Red paper hearts float around one end of La Place de la Republique that’s become a memorial to those who were killed in the recent Paris terrorist bombings.
How do they get there – children and adults collect a handful of the hearts and throw them onto a blower that sends them high into the air where they catch a breeze and flutter to their destiny.
They land in trees, on the ground and around the square, while some dance in the wind and end up down the street towards the Bataclan Theatre, where hundreds went to listen to Eagles of Death Metal band and 89 never came home.
Those simple red hearts are a symbol that love is strong and around us all, according to Marie Pelligrin who is a volunteer counsellor.

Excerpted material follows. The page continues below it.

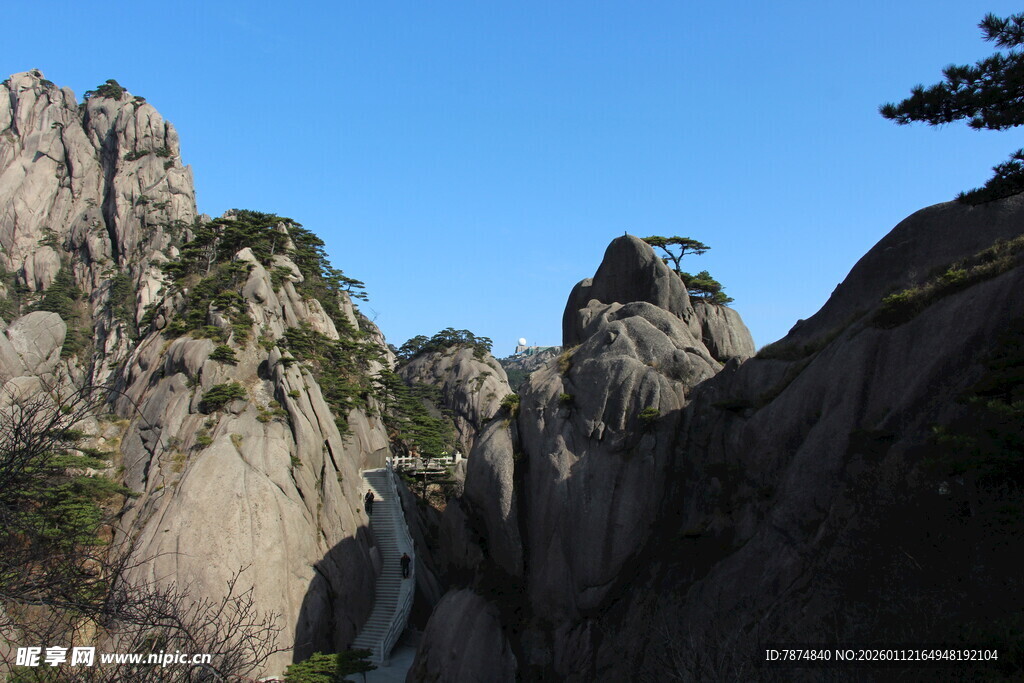 巍峨峻峭的壮丽山峰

It’s something positive for children to do in a place that sees many break down and weep as the enormity of the massacre sets in.
Impromptu patriotic songs break out and although the air is heavy with grief and despair the feelings of unity is powerful and palpable.
There is an air of defiance in Paris with residents returning to what they have always loved – dining, taking a stroll, shopping, watching sport and listening to music – all things that were the scenes of such tragedy.
Today the square is full of people – couples, families and singles who have come to pay their respects, lay flowers and drawings, leave messages of love and hope and light candles as a tribute to those who lost their lives.
Posies made with love, intricate bouquets and single flowers are piled high while candles flicker in the wind.
But it’s the messages that are the most heart wrenching – you will not die in vain, says one hand written note, while another France is united sums up that feelings of unity that are out in full force.
A simple red painted sign Freres – brothers -is emblazoned on another make shift memorial on a corner street where several people were gunned down.
A Parisian tells me life is returning to normal but people are cautious.
“Many are avoiding supermarkets and places they feel may be targeted – we have all become a little bit more careful but life is for living,” he says.
We walk with others to the Bataclan Theatre where across the road is a shrine for so many who were killed. Flowers, messages, photographs and the French flag adorn the area, a gathering point where some quietly weep, link arms and hold hands.
Bruised, battered and heart broken – definitely – but like those red hearts that flutter in the wind carrying messages of love and hope – Paris is united, brave and beautiful.